A Superman #2 Review – Superman Smiles

Superman #2, 2016, Patrick GleasonTITLE: Superman #2
AUTHORS: Peter Tomasi, Patrick Gleason
PENCILLER: Gleason
PUBLISHER: DC Comics
PRICE: $2.99
RELEASED: July 6, 2016

By Rob Siebert
Editor, Fanboy Wonder

I’m aware this series doesn’t mark the first time Superman has smiled in the last five years. But it sure feels like it. Peter Tomasi and Patrick Gleason’s effort to inject optimism back into the character makes for a refreshing departure from recent attempts to darken him. Truth, justice, hope. Dare I say, love? These are the things we need from Superman in 2016.

The Superman of the pre-New 52 Earth has finally put the cape on again in this new universe. At the same time, his young son Jon is discovering super powers of his own. When we open this issue, the Man of Steel has taken his son to observe him on a routine rescue. But when things go awry, Jon is pulled into the action. Will this new “Superboy” see his run tragically cut short?

In working on Superman, Peter Tomasi has two tremendous advantages over many of his peers. First, he’s inherently good at writing heart-felt stories that highlight the humanity of these iconic, often god-like heroes. As evidence, I direct you to yet another of father and son story by he and Gleason, Batman & Robin: Born to Kill.

Superman #2, Patrick Gleason, family shot, 2016Second, and more importantly, he understands Superman. (I assume Gleason does too. I speak of Tomasi because we’ve obviously seen more of his writing. Gleason has mainly been an artist.) Case in point, our hero saying the following to his son: “It’s not about our powers, or strength, or heat vision. It’s about character. It means doing the right thing when no one else will, even when you’re scared…even when you think no one is looking.”

Yes. A thousand times, yes.

What so many people either don’t understand or don’t appreciate about Superman is the importance of what he stands for. He’s not a boy scout. He’s not a sell out. He’s not an outdated product of a bygone era.

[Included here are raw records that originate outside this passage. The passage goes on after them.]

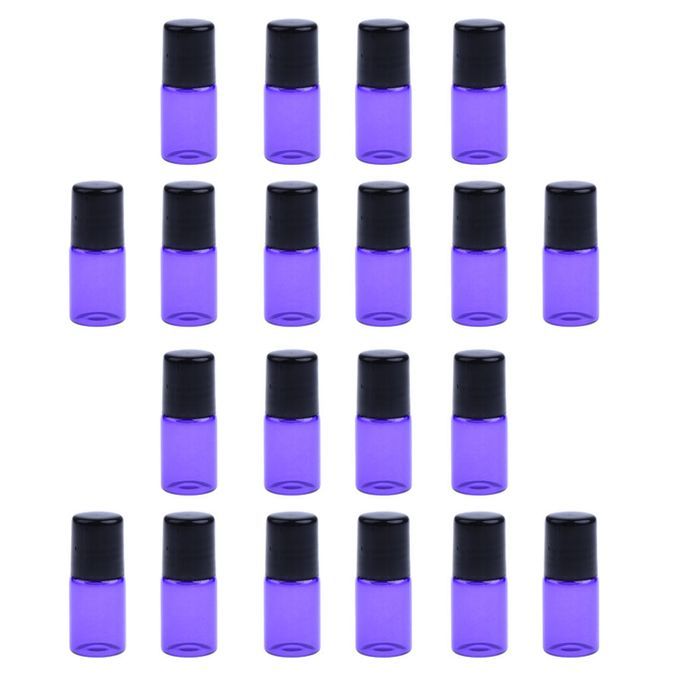 20pcs Bottle Diffusers Bottle Roll-on Pipette Roller - 3ML Purple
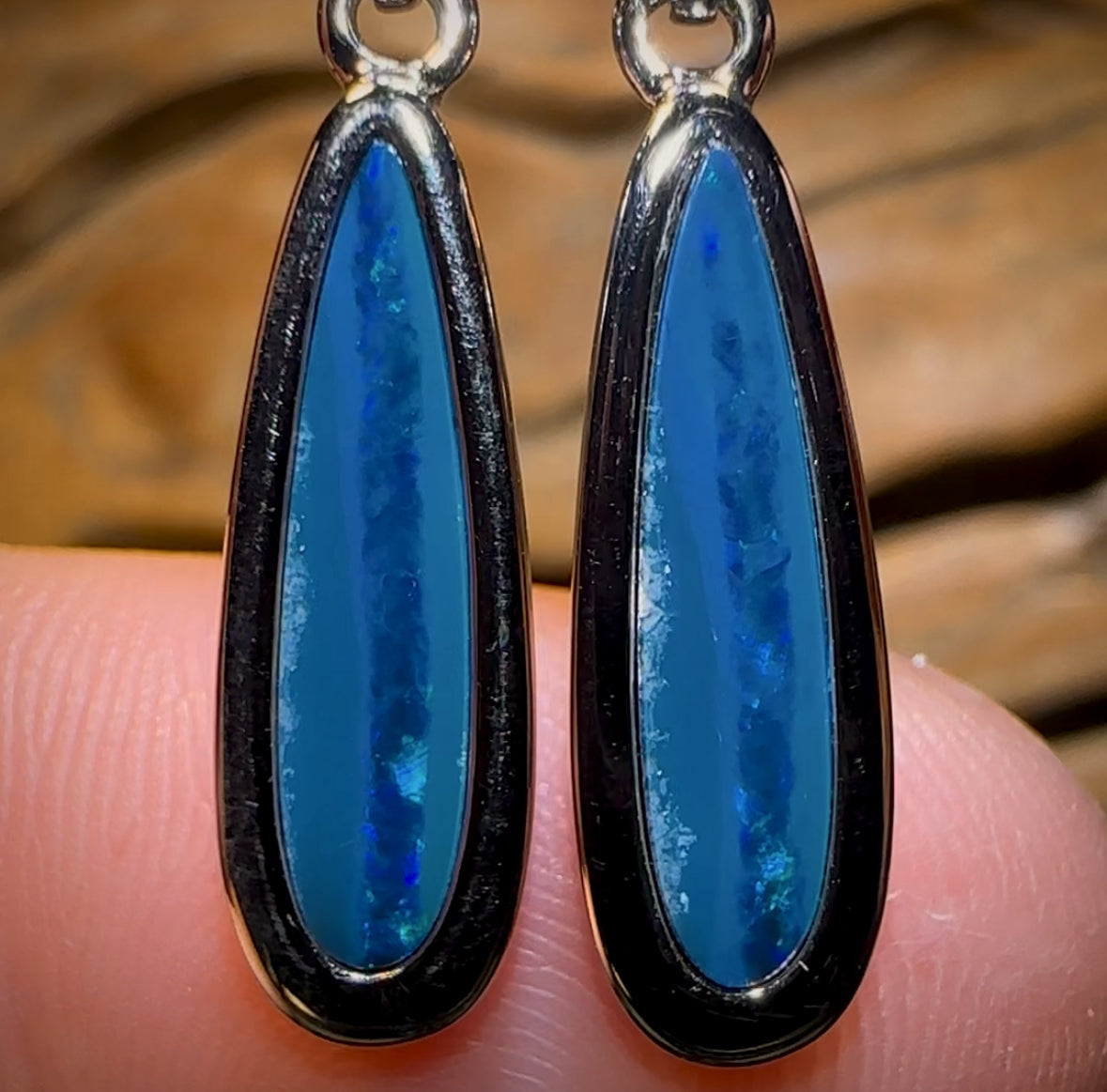 🔨 AUCTION 🔨 Sterling Silver - Australian Boulder Opal Doublet Drop Stud Earrings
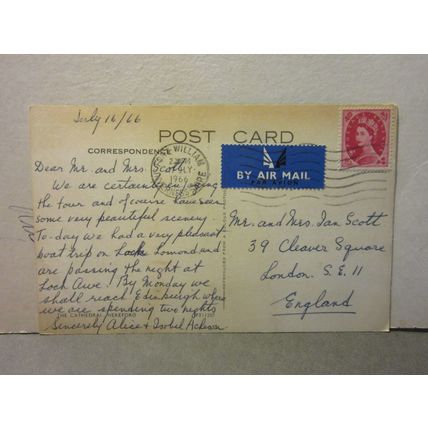 HEREFORD CATHEDRAL used vintage postcard 1966 postmark pink 8d stamp =
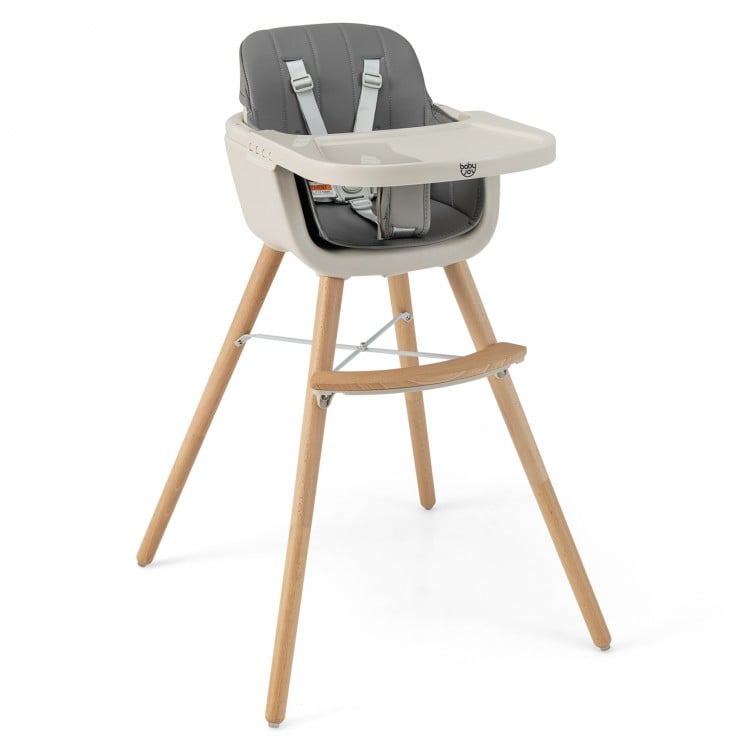 3-in-1 Convertible Wooden High Chair with Cushion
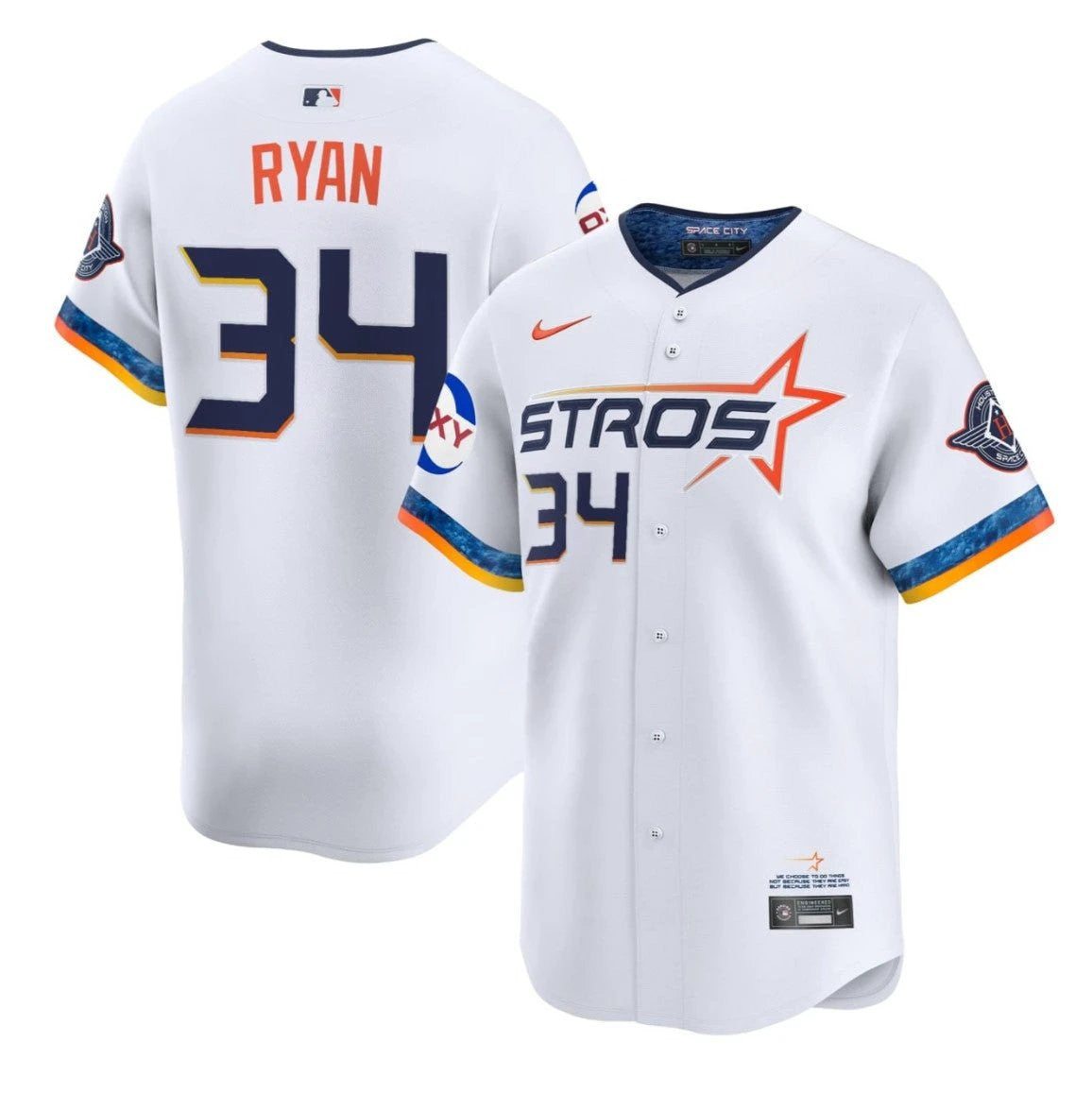 Houston Astros #34 Ryan Limited Jersey - White
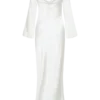 Eliza Long Sleeve Cowl Lace And Satin Maxi Dress – Ivory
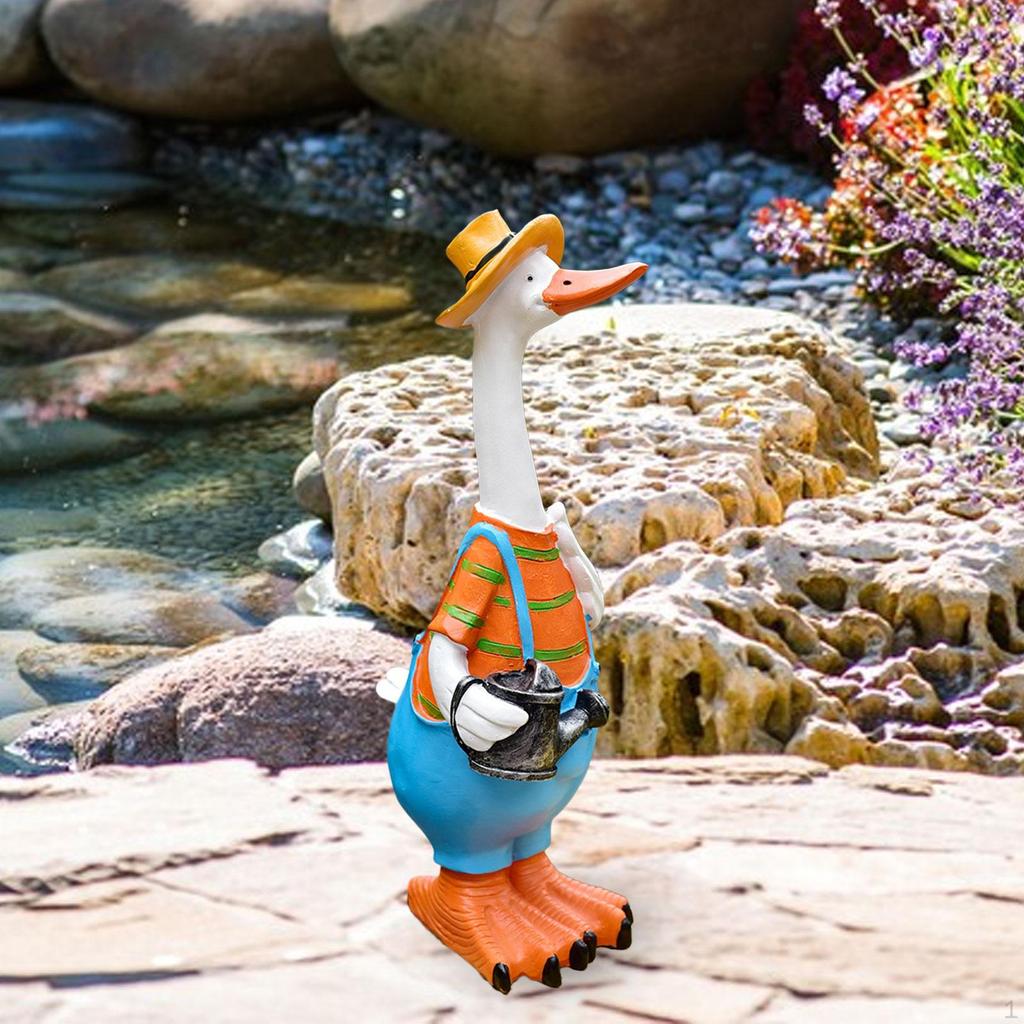 Animal Garden Statue Duck Decor Art Decor, Indoor Outdoor Ornament, Resin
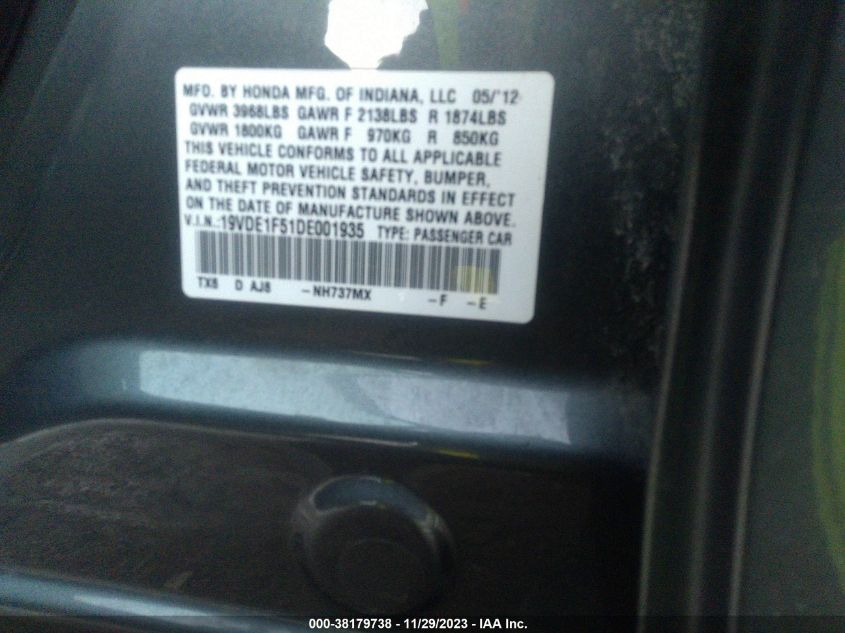 2013 ACURA ILX 2.0L - 19VDE1F51DE001935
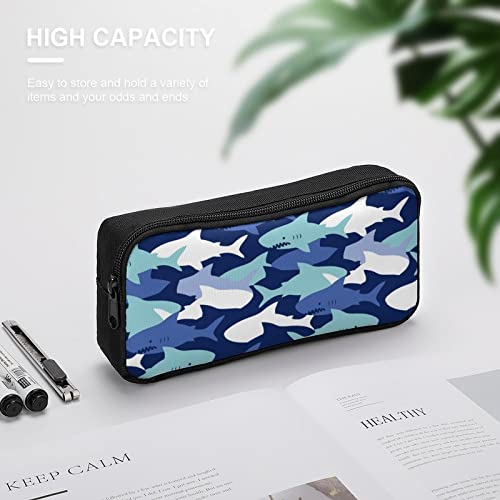 Camouflage Pattern with Cute Sharks Pencil Case Pencil Pouch Coin Pouch Cosmetic Bag Office Stationery Organizer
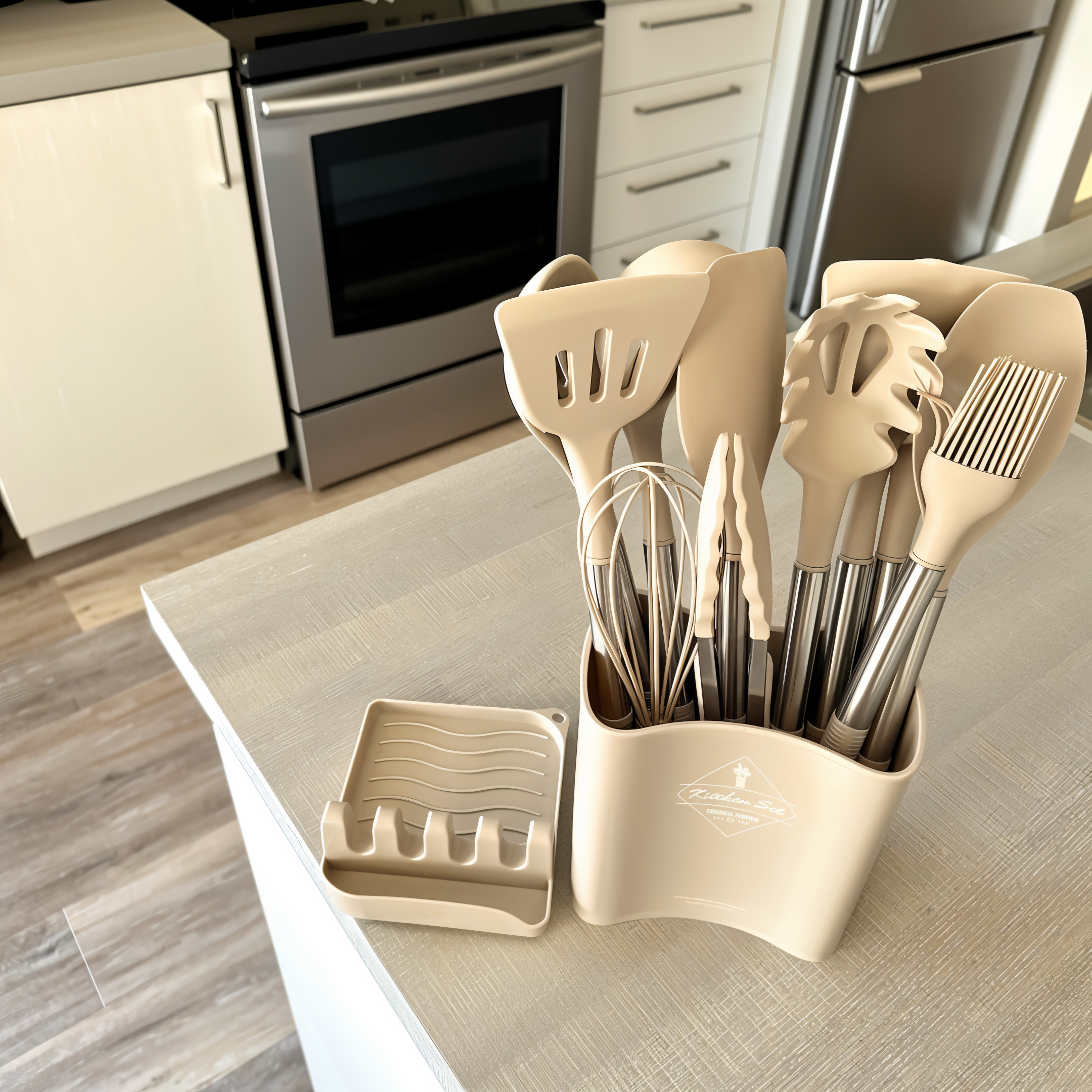 CuisineCraft 12-Piece Silicone Kitchen Utensil Set - Heat-Resistant, Stainless Steel Handles, Ergonomic Design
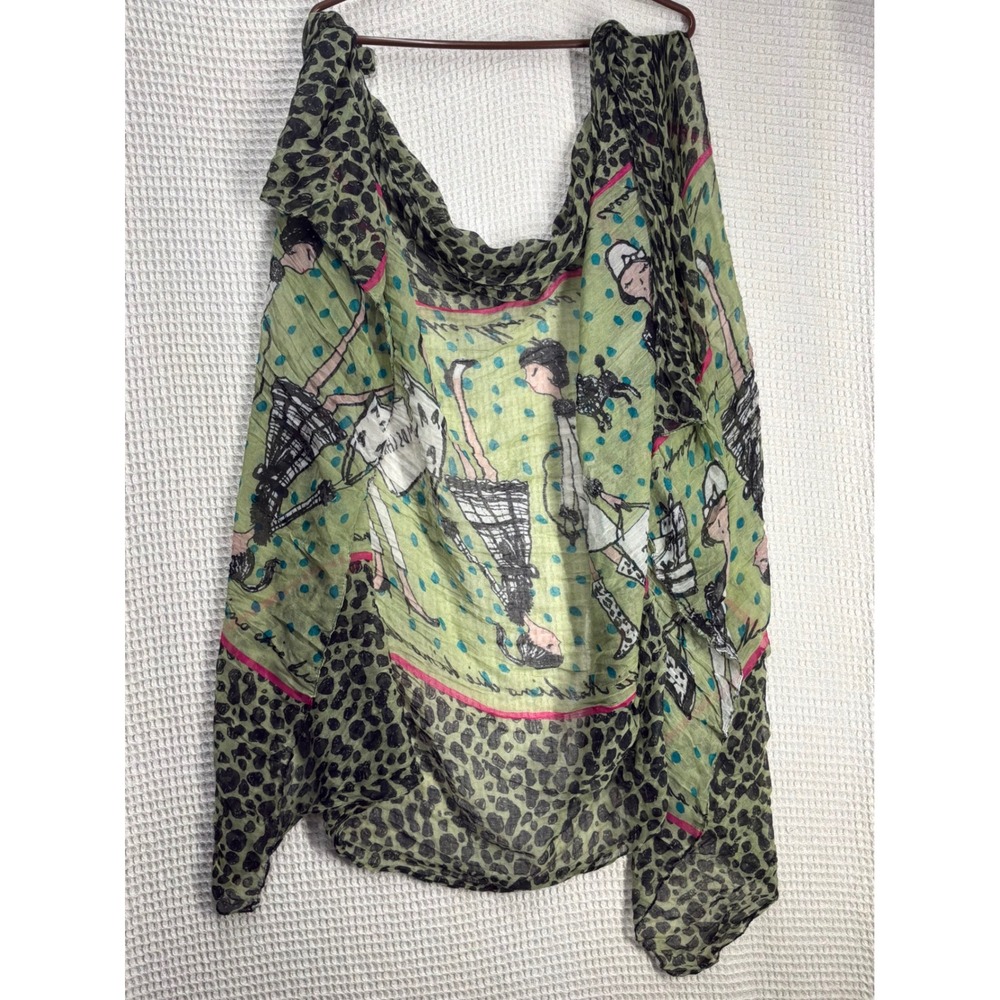 Whimsical Womens Moschino Cheap and Chic Graphic Leopard Scarf OS Green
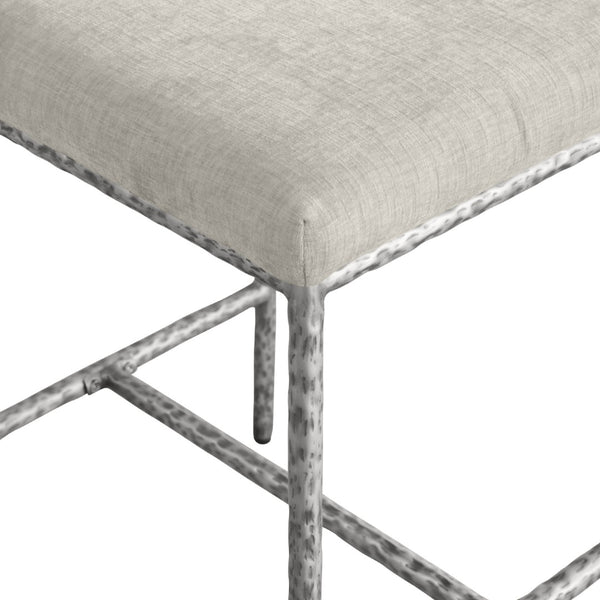 Meridian Furniture Reeves Plush Chenille Upholstered Counter Stool with Iron Frame for Kitchen Islands and Bars Cream Style 3 11080Cream-C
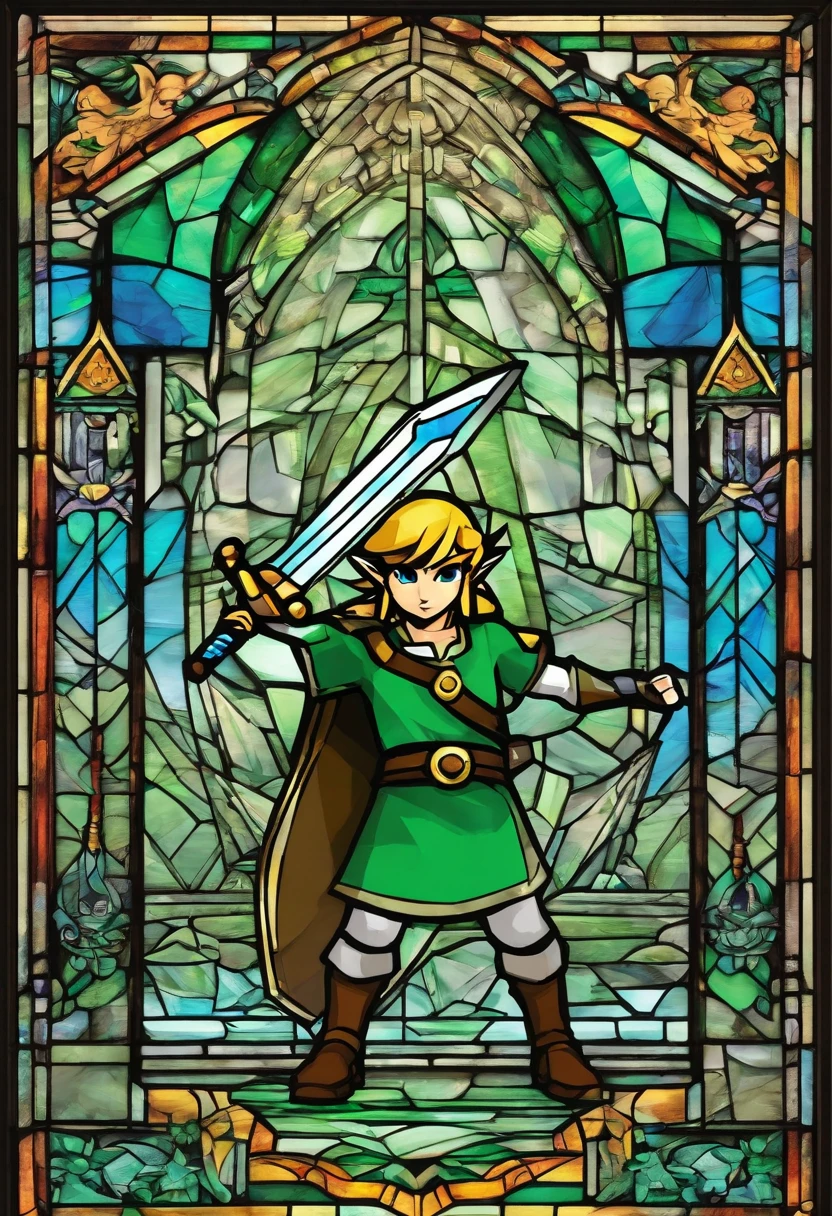 The legend of zelda, link in green tunic standing with mastersword in his left hand, energetic pose, a masterpiece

It’s not as simple as that. He’s a man with a set of principles, and he acts on those principles in the hopes of making the world a better place. Tomasi understands all of this, and knows it’s critical that Clark and Lois raise Jon with these same principles. As Clark himself says in this issue, Jon may be need to wear the iconic S symbol sooner than later.

It’s very fitting that we’ve re-emphazied these elements in a story that has brought back a previous version of Clark. In a very real sense, this feels like Superman is back.

From an artistic stance, the colors are on point. In particular, John Kalisz’s reds and oranges really pop. Superman’s cape looks fantastic, which makes me miss his red boots even more. There’s also a sequence where Jon is trying to hone his heat vision, and the scene becomes engulfed in an intense red that really brings you into the moment.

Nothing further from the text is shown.